Takeshi Kitano's return to the ultra-violent world of Yakuza film has been, perhaps, misnamed by its writer-director. Outrage conjures up a sense of injustice, of a rejection of the almost normalized criminal behavior depicted in the film which sees Japanese crime syndicates flooding the streets with drugs, gambling, and of course, (this being Kitano) ample amounts of blood. "Outrage" brings to mind a sense of defiance and rejection that is absent here.

No, this movie would be more aptly titled "Disgust:" Kitano's film drips with a poisonous hate of the characters on-screen, from the thuggish foot soldiers, to the wily family boss, Chairman Sekuichi (Soichiro Kitamura), to even Kitano's mid-level enforcer Otomo.
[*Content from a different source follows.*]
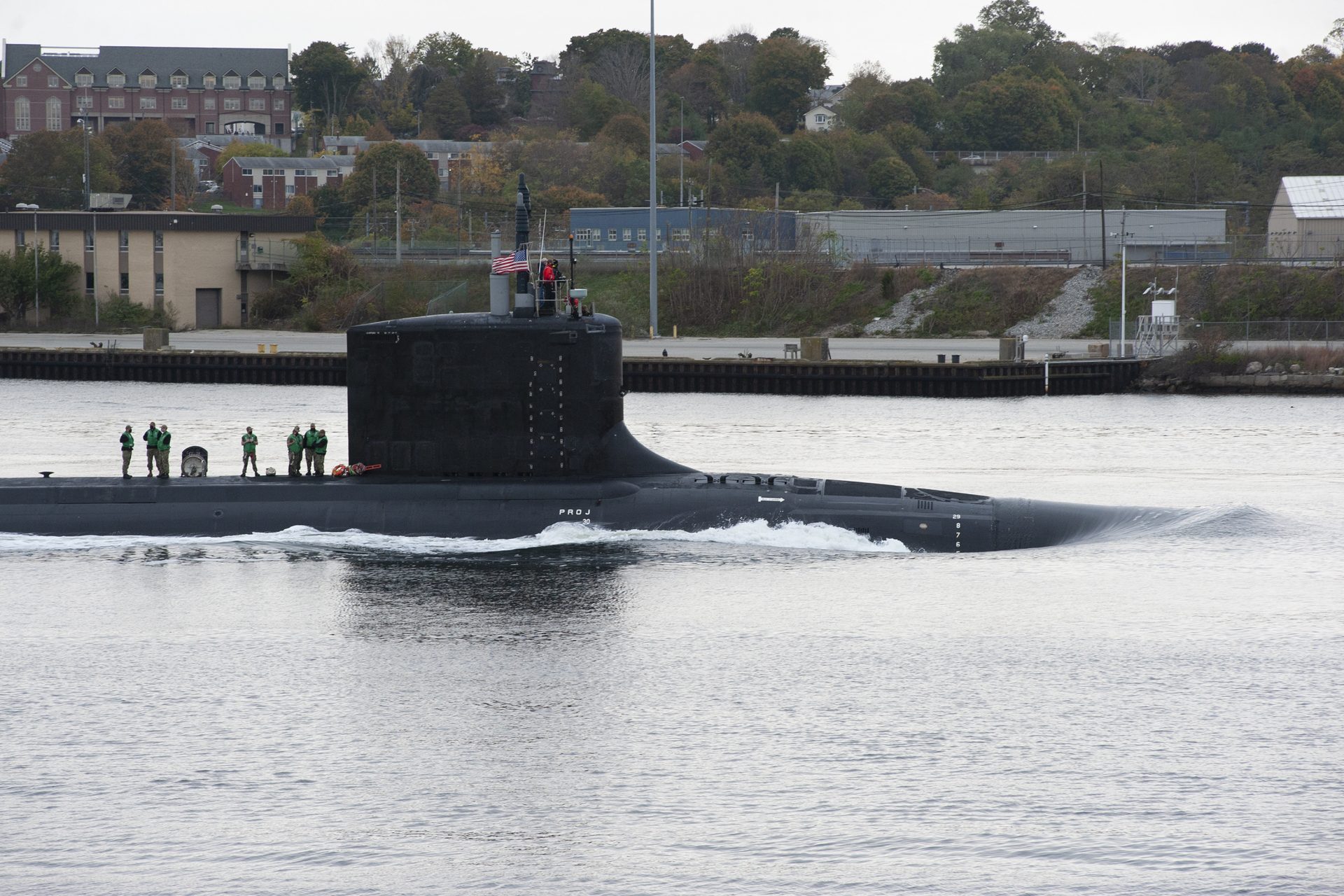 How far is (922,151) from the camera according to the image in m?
121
There's neither nostalgia or sympathy for any kind of imaginary criminal code: loyalties are inevitably overruled by profit, oaths and bonds are only worth the breaths it took to make them (and last about as long).

Tracing what seemed to be a few months' span in the life of a fairly prosperous clan, Outrage shows us what happens when criminals are allowed to do what they are inclined to do: lie, cheat, steal, and kill, and not only are the cops helpless, they're more often than not complicit.
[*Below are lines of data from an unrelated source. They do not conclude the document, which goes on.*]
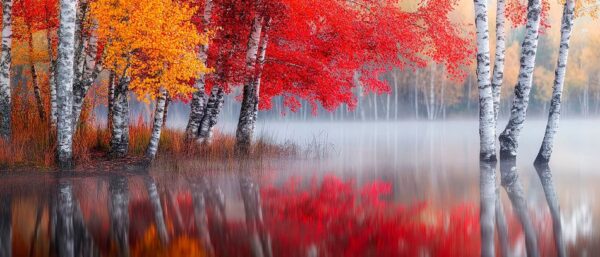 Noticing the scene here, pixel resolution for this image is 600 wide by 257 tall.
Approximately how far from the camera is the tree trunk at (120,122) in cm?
1862

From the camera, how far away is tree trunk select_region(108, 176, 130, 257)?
8.72 meters

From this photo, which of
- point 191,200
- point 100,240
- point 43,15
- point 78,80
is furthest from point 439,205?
point 43,15

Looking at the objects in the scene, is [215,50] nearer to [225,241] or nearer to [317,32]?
[317,32]

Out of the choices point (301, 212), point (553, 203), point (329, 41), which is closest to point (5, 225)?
point (301, 212)

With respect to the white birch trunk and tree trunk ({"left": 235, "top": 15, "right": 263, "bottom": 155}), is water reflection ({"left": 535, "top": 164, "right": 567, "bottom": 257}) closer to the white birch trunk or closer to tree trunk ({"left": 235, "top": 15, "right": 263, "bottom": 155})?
the white birch trunk

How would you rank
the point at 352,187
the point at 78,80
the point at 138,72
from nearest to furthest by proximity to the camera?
the point at 352,187 < the point at 138,72 < the point at 78,80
The trouble all starts when the Chairman tasks underling Boss Ikemoto (crime flick regular Jun Kunimura) to break ties with the latter's blood brother, Murase (Renji Ishibashi), whose expanding territory is dirtying things up with its drug business. Of course, Ikemoto has been splitting the drug take with Murase, but to keep up appearances, he still has Otomo (Kitano) stir things up with Murase's gang. One thing leads to another and it's all-out war with Murase's gang, with the Chairman and Ikemoto at the top claiming that it's just underlings getting out of control, while prodding them to force Murase out.

At this point, you would assume that Otomo's character would be the bastion of Yakuza honor, holding some kind of imaginary moral line. We've seen it to an extent in the brilliant Sonatine and the mostly shaggy Brother, both by Kitano. But whereas both of those films portrayed Kitano's characters as--well, if not lovable, then likeable--criminal heroes, Outrage shows the Yakuza mid-level boss for what he is: a pimp, a bully, a blackmailer, and a killer.

It should probably come as no surprise then that the relentless grimness of the picture makes it something less than an easy film experience. Indeed, there's not even really much in the way of a story here, simply a series of episodes where the families steadily and mercilessly chew away at each other until there's little left but bone. It's less artfully realized than many of Kitano's other films in the same genre, and there's no character to really invest oneself in throughout the viewing. They're scum, every one. But then, that's really the purpose of the movie, isn't it: to peel back the layers of myth and show them for what they are.

In that regard, the movie succeeds. Even if it's lesser Kitano, it's still a notable, watchable film for the raw disgust it's willing to put onscreen.